India is going through a phase of preposterous , conflicting expectations; if 2G is to be freshly auctioned ( to correct past misdemeanors) , expect a tariff hike. But we start complaining instantly ; you can’t have the cake and eat it too. . If India is to ameliorate living conditions of its sizeable underprivileged class and increase welfare allocations in the social services sector, we will have to gradually rebalance subsidies and increase taxes too. You can’t make an omelette without breaking eggs.
Rs 13 per liter on HSD
Rs 480 on LPG
Rs 32 on SKO.
That’s not small change, it is a large black hole in the depleting treasury manifested in rising fiscal deficit . Significantly, diesel contributes 55% of our overall subsidy burden, where the next tough call is inevitable. In terms of levies as a percentage of consumer price it is as follows:
It is easily discernible even to the half-blind that there is a pattern to the tax structure based on end-user application. But honeymoons are never infinite.
Those who cite the Goa government reducing its sales tax miss the point; the CM is just following the policy of liability transfer based on perceived revenue earnings from different sources. If he does not succeed, the Goa government will be soon in a bad debt trap, it could be just another populist stunt. Seriously, if you remove taxes ( central excise) , where does the government get compensating revenue from ? Somewhere, somebody has to pay. Since it is an inelastic essential commodity, no sincere government will exploit its revenue potential by taxing the vulnerable sections of society as it is committing political hara-kiri. Remember in India, subsidies exist as a soft substitute because we don’t have a social security net, unlike the western nations.

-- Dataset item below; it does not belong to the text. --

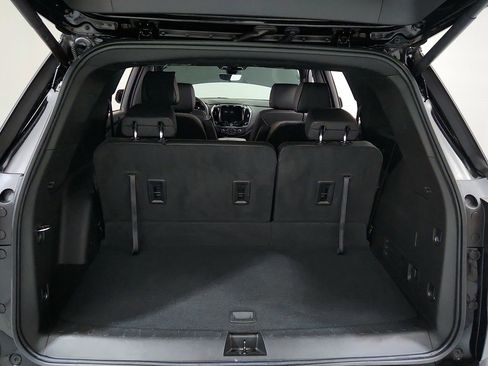 Used 2023 Chevrolet Traverse RS FWD image 25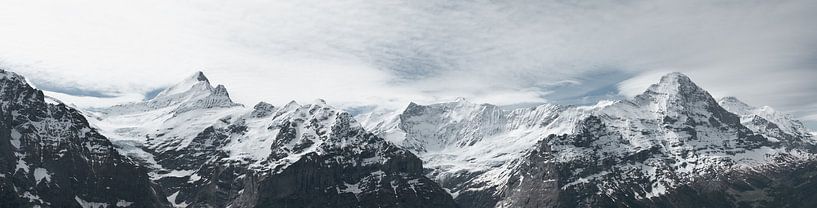 Vue panoramique du sommet du Mönch et de la Jungfrau par Besa Art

To understand the gargantuan impact of oil price hike , just look at the Oil Marketing Companies and their staggering losses on account of under-recovery in 2011-12
HSD : Rs 81192 cr
Kerosene: Rs 27352 cr
LPG Rs 29997 cr
Total Rs 138, 541 cr
By the way, these oil companies are listed companies with large market capitalization and have savvy shareholders too. Tell me, does it make rational commercial sense to perpetuate subsidies? Petrol ( already decontrolled) and diesel need to be urgently made mark to market; let there be fortnightly adjustments, either upwards or southwards depending on global oil indices and other economic variables.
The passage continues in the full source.